Hub giuridico è l’articolo 8 della legge n. 121 del 1985, che regola la trascrizione dei matrimoni religiosi. La norma prevede che la trascrizione possa avvenire anche in seguito, dietro istanza di uno solo dei coniugi, purché sussista la conoscenza e in assenza di opposizione dell’altro. La Corte mette in luce che, trascorso un certo lasso di tempo, non si può più presumere la volontà originaria di attribuire effetti civili al matrimonio religioso. Il rifiuto del consenso, per l’effetto, diventa espressione del diritto fondamentale all’autodeterminazione. In altre parole: nessuno può essere costretto a dare rilevanza civile a un matrimonio che, per quanto celebrato, non è mai stato registrato.

Le promesse date e i debiti contratti

Ulteriore nodo del contendere riguarda una lettera del legale dell’ex marito, in cui si dichiarava disponibile a contribuire alle spese sostenute dalla donna. Secondo la ricorrente la missiva era qualificabile come riconoscimento di debito. La Corte non condivide la tesi difensiva, in quanto la dichiarazione era subordinata alla presentazione di documentazione e non proveniva direttamente dalla parte, ma dal suo avvocato, per di più in assenza di prova del conferimento di poteri rappresentativi.

Nessuna responsabilità per parroco e Curia

La donna aveva chiamato in causa anche il parroco e la Curia, ritenendoli corresponsabili per l’omessa trascrizione. Tuttavia, i giudici hanno escluso ogni responsabilità. Anzitutto non vi era prova alcuna che il parroco avesse agito con dolo o negligenza, e neppure che l’omissione avesse cagionato un danno diretto.
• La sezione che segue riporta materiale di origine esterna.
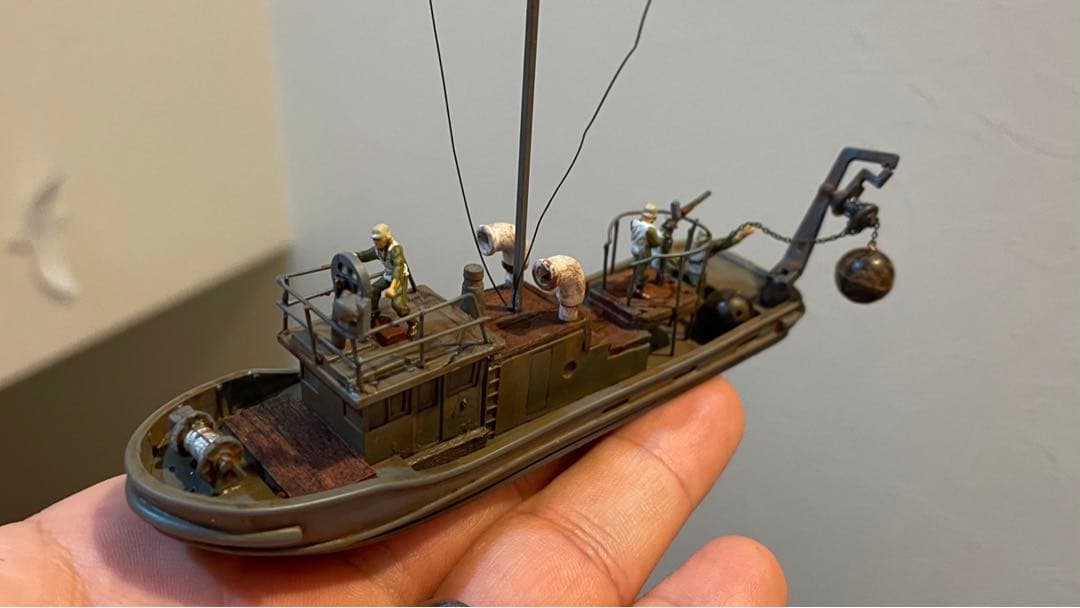 ゴジラー1.0 マイナスワン　ジオラマ　がんばれ新生丸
Inoltre, la trascrizione tardiva avrebbe comunque richiesto il consenso dell’ex, rendendo irrilevante l’eventuale omissione iniziale.

Quando il matrimonio religioso resta senza rilievo civile

Questo caso solleva interrogativi profondi sul rapporto tra diritto e morale, tra volontà individuale e formalità giuridiche. È possibile che un matrimonio celebrato religiosamente non abbia alcun valore civile? Sì, se non viene trascritto. È lecito rifiutare la trascrizione tardiva? Sì, se si esercita il diritto di autodeterminazione. Il collegio della Terza Sezione Civile della Corte di Cassazione ha chiarito che il matrimonio religioso, in assenza di trascrizione, resta confinato nella sfera spirituale. E il consenso alla trascrizione non può essere imposto, neppure invocando le promesse passate o le aspettative disattese.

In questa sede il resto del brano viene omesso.